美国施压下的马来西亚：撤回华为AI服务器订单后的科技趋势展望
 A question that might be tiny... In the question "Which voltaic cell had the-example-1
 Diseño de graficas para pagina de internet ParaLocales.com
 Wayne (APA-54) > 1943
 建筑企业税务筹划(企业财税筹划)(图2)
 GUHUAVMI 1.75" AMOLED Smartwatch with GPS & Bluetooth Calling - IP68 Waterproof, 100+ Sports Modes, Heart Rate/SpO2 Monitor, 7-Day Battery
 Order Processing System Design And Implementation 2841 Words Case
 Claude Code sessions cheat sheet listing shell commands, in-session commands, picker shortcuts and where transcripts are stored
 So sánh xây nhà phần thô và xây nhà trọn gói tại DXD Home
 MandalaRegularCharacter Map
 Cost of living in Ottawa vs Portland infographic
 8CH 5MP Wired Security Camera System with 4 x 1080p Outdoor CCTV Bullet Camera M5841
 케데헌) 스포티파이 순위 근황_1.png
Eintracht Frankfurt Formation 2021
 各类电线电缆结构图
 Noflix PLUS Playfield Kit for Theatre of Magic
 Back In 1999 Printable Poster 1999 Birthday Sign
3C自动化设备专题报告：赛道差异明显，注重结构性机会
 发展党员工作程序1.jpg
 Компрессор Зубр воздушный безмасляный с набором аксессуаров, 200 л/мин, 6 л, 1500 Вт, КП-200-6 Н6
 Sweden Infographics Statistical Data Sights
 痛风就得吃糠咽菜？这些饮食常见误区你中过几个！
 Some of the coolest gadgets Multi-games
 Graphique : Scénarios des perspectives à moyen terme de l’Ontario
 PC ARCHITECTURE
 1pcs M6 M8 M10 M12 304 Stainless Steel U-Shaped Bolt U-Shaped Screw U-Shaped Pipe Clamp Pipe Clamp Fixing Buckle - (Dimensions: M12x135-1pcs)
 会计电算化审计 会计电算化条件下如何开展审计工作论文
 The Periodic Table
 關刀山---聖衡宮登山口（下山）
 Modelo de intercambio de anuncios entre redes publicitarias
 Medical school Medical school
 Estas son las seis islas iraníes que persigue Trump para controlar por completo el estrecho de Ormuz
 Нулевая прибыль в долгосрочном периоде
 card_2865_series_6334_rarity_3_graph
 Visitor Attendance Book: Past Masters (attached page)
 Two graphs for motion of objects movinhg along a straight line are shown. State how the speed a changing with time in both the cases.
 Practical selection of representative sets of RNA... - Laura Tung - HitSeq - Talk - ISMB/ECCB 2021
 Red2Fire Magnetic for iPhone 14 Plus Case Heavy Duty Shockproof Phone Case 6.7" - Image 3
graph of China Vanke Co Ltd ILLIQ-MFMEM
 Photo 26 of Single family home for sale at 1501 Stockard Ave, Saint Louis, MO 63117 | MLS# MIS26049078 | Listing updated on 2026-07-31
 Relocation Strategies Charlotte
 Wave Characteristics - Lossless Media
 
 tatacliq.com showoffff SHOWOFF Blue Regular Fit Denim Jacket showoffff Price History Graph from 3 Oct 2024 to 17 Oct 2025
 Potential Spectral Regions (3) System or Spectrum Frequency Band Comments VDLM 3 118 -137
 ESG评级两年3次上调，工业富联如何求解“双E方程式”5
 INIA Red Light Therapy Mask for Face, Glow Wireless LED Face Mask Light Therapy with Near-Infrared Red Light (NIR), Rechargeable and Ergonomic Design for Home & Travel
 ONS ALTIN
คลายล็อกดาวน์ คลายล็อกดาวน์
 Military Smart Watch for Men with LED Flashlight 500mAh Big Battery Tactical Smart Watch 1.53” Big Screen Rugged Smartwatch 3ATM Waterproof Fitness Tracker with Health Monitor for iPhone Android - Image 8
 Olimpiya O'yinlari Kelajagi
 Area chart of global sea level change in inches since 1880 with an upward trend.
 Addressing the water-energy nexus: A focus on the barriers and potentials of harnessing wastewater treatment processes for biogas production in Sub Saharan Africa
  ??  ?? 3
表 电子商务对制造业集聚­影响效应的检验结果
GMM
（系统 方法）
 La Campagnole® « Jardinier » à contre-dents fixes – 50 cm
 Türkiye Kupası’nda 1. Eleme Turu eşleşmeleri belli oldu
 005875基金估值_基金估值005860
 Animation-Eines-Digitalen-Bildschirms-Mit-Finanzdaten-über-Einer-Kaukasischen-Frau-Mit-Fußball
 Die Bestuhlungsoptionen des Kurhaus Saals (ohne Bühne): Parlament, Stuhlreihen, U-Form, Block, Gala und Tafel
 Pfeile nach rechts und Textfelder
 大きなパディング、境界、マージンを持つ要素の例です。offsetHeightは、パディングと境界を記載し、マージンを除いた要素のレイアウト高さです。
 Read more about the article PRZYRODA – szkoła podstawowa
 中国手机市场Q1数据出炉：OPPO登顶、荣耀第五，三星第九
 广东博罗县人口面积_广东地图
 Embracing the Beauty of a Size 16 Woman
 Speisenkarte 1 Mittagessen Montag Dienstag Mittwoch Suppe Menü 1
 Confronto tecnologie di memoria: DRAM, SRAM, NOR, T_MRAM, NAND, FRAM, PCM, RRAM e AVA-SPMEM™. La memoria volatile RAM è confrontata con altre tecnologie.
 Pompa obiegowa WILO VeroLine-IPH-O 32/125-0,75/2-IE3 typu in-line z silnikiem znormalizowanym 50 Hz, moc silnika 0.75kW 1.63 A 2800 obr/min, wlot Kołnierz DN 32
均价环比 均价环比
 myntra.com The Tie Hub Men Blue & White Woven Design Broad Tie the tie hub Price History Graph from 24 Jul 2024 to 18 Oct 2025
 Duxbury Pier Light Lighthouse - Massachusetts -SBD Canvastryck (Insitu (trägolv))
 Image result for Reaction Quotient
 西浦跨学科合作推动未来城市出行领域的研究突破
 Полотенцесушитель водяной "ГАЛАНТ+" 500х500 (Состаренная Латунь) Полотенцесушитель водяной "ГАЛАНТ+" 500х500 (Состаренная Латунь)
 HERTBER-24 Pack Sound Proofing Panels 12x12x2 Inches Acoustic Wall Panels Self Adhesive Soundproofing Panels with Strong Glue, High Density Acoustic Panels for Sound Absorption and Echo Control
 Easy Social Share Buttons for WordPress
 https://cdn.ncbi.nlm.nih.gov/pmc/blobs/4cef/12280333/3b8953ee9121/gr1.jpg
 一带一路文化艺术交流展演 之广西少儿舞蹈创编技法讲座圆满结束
════════════════
* **Your instructions**
Wherever the string "Image" appears in a line of the records, copy that line.

* **Answer box**
 Red2Fire Magnetic for iPhone 14 Plus Case Heavy Duty Shockproof Phone Case 6.7" - Image 3
 Military Smart Watch for Men with LED Flashlight 500mAh Big Battery Tactical Smart Watch 1.53” Big Screen Rugged Smartwatch 3ATM Waterproof Fitness Tracker with Health Monitor for iPhone Android - Image 8
 Image result for Reaction Quotient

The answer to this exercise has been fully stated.